Consistent implementation of tr?_问答_开发者_运维开发者技术经验分享

I have a ksh script that generates a long, random string using /dev/urandom and tr:

STRING="$(cat /dev/urandom|tr -dc 'a-zA-Z0-9-_'|fold -w 64 |head -1)"

On the Linux and AIX servers where I used this it resulted in 64 characters of upper and lower case alpha chars, digits, dash and underscore characters. Example:

W-uch3_4fbnk34u2nc08w_nj23n089023ncNjxz979823n23-n88h30pmLCxkMKj

When I used the script on Solaris the ranges were interpreted as literals and it resulted in strings from the set aAzZ09-_. Example:

AA0z9_aZ-a-z00aZ9_azAZa0zZza9-Az0-_za-9aa0az_a0z-0a0z000-A9Z_0a

Oddly, on this Solaris server the man page for tr indicates that the syntax used should have produced the desired result.

The idea is to use /dev/urandom to produce a pseudo-random string from which we extract characters so that the result a) does not contain spaces and b) does not contain s开发者_如何学Chell special characters. The string will be used on the command line as an argument later on in the script. We don't want to use classes like :alnum: because locale can convert these into multi-byte values that don't work on the command line. This ksh one-liner did the trick perfectly on a great many installations until we got to Solaris.

We have temporarily converted this to a somewhat nasty Perl regex.
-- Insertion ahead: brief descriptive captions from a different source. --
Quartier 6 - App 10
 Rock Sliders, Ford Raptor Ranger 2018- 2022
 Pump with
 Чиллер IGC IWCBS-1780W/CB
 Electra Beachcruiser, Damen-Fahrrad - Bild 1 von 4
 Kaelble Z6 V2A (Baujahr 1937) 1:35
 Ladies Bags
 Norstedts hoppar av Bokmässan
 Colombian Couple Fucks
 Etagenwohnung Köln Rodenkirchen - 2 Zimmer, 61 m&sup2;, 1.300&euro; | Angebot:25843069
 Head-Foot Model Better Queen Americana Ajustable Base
Is there a syntax for tr or some other utility or ksh built-in that will perform this task consistently across UNIX variants and is universally installed? Doesn't have to be a one-liner but simplicity is appreciated.

Update: We tried the Locale settings with no luck. Waiting on results of using xpg6 version.

$ uname -a
SunOS hostname 5.10 Generic_142900-04 sun4u sparc SUNW,SPARC-Enterprise
$ cat /dev/urandom | tr -dc "a-zA-Z0-9-_" | fold -w 64 | head -1 | sed 's/^-/_/'
0-a9-z9a_zzZAa_a_0az-9_z0a_90Z_9az09aZzZAa-9aa_-__za0ZA9_ZzzZazA
$ set | grep '^L[AC]'
LANG=C
LC_ALL=C
LC_COLLATE=en_US
LC_CTYPE=en_US
LC_MESSAGES=en_US
LC_MONETARY=en_US
LC_NUMERIC=en_US
LC_TIME=en_US
$ export LC_CTYPE="$LC_ALL" LC_MESSAGES="$LC_ALL"
$ set | grep '^L[AC]'
LANG=C
LC_ALL=C
LC_COLLATE=en_US
LC_CTYPE=C
LC_MESSAGES=C
LC_MONETARY=en_US
LC_NUMERIC=en_US
LC_TIME=en_US
$ cat /dev/urandom | tr -dc "a-zA-Z0-9-_" | fold -w 64 | head -1 | sed 's/^-/_/'
0900z9az99_a0za09__0zA0_Z--Z_-Aa-AaA9zAZz-Aa90A00z__ZzA9A-Z0aA_-
$ unset LC_ALL; export LC_COLLATE=C LC_NUMERIC=C LC_TIME=C
$ set | grep '^L[AC]'
LANG=C
LC_COLLATE=C
LC_CTYPE=C
LC_MESSAGES=C
LC_MONETARY=en_US
LC_NUMERIC=C
LC_TIME=C
$ cat /dev/urandom | tr -dc "a-zA-Z0-9-_" | fold -w 64 | head -1 | sed 's/^-/_/'
_AA9aA_Za-A0-AZa_A-0ZA--a_za-a9zZZz__a0az_-0A-9-0aA-0za00A-__9-0
$ unset LANG LC_COLLATE LC_NUMERIC LC_TIME
$ set | grep '^L[AC]'
LC_CTYPE=C
LC_MESSAGES=C
LC_MONETARY=en_US
$ cat /dev/urandom | tr -dc "a-zA-Z0-9-_" | fold -w 64 | head -1 | sed 's/^-/_/'
_-_9zz9Z-Z-Z-Z_0_a9zzzZZaAa--9_zAZaaAZz-ZaAZ09Z-_z-zz09ZZAzAz0Z0
$ unset LC_CTYPE LC_MESSAGES LC_MONETARY
$ set | grep '^L[AC]'
$ cat /dev/urandom | tr -dc "a-zA-Z0-9-_" | fold -w 64 | head -1 | sed 's/^-/_/'
_0aAa9_Z_a_Z--_Az-aa0ZA0ZzZ-9Aa9-Z0--0A_Z0Zaz-AA_Zz0z---Z_99z_a9
$ export LANG=C LC_ALL=C LC_COLLATE=C LC_CTYPE=C LC_MESSAGES=C LC_MONETARY=C LC_NUMERIC=C LC_TIME=C
$ set | grep '^L[AC]'
LANG=C
LC_ALL=C
LC_COLLATE=C
LC_CTYPE=C
LC_MESSAGES=C
LC_MONETARY=C
LC_NUMERIC=C
LC_TIME=C
$ cat /dev/urandom | tr -dc "a-zA-Z0-9-_" | fold -w 64 | head -1 | sed 's/^-/_/'
Za_000z9aa--aA00zAAZza0AA90090--z0a00_zZ9ZA0_---aZZ09a0ZA0_0zZaa
$ cat /dev/urandom | tr -dc "[a-z][A-Z][0-9]-_" | fold -w 64 | head -1 | sed 's/^-/_/'
x7dni9gIXVF6AHQc3B-H6hjnBVHChJ9zM-z5EQ5UEruATI_NNFaCoVLOqM6gVaT5
$

Of course, on Linux that last version spits out square brackets.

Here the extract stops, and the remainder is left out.